Original Research Articles
Original Research Articles
Diken et al.: “Distribution of calcifications of thoracic aorta in patients undergoing
coronary artery bypass grafting“
When patients need coronary artery bypass surgery, the vessels affected by coronary
disease, [which impairs blood flow to the heart vessel,] are bypassed by graft vessels.
In many cases, manipulation of the aorta, the body’s main artery, is necessary to
attach grafts or insert tubes during the procedure. If the aorta is calcified, calcifications
can come loose during manipulation and cause e.g. a stroke by occluding vessels in
the brain. Analysing imaging of 443 patients, Diken et al. studied the distribution of calcifications in the aorta which were present in 67%
of patients. They proposed a classification which can be used for patients undergoing
coronary artery bypass surgery.
De Martino et al.: “Surgical treatment of annuloaortic ectasia - Replace or repair?“
When the body’s main artery, the aorta, is enlarged at its root, it often causes one
of the heart’s valves, the aortic valve, to leak.
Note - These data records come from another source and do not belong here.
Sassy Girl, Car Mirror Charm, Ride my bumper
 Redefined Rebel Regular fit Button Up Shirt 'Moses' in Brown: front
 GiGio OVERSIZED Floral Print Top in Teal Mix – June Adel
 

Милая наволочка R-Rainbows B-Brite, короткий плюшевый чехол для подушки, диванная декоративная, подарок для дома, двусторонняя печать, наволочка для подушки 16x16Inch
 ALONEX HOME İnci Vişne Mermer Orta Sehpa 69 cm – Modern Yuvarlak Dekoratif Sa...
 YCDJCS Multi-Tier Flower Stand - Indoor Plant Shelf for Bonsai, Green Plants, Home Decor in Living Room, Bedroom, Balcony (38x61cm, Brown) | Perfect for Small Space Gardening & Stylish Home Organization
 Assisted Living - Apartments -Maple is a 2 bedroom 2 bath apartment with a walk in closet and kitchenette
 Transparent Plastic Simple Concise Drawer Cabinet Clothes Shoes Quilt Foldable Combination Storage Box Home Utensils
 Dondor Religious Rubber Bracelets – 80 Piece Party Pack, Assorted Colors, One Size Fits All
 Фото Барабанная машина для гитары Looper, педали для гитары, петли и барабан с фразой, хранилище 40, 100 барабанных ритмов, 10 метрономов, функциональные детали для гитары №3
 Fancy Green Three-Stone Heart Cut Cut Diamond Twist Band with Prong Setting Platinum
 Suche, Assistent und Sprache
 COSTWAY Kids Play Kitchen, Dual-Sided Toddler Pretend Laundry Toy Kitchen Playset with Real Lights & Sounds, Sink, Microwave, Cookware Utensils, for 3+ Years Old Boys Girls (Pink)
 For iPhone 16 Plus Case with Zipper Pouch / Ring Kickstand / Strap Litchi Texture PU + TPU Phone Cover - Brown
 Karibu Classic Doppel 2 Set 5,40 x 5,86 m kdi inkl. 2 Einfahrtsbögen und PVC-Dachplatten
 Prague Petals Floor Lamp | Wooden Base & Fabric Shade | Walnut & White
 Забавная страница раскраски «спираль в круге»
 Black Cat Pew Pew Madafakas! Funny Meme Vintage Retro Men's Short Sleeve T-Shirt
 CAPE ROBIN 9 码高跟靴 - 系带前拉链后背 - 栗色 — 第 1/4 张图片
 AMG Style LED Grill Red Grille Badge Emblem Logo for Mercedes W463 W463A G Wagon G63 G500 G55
When surgery is necessary, this
valve can either be replaced or repaired. De Martino et al. studied the results of 181 patients who underwent either of these procedures. They
came to the conclusion that both are associated with good outcome. Among patients
with aortic valve replacement, bleeding and strokes were more common. The authors
suggest to save the aortic valve whenever possible. However, this study has a limited
design and relevant differences in follow-up between the two patient groups existed.
The results therefore need validation in further studies.
Jasinski et al.: “Factors affecting follow-up compliance in patients following endovascular
aneurysm repair“
After undergoing an intervention for an aortic aneurysm, a dilatation of the body’s
main artery, lifelong follow-up imaging is important to recognize complications or
progress of the disease. However, many patients fail to show up for follow-up tests.
Jasinski et al. analysed the data of 205 patients who underwent endovascular aortic procedures, a
procedure in which a graft prosthesis is inserted into the aorta via a smaller vessel,
e.g. in the groin. They noted that about 50% of patients failed to come to follow-up
appointments. Especially patients who underwent emergency procedures, widowed patients,
minority patients and patients who live far away from the outpatient clinic did not
come. The authors implemented a follow-up system to remind patients of their follow-up
appointments, the success of which is yet to be evaluated. The importance of follow-up
controls needs to be discussed with all patients to improve adherence to their surveillance
schedule.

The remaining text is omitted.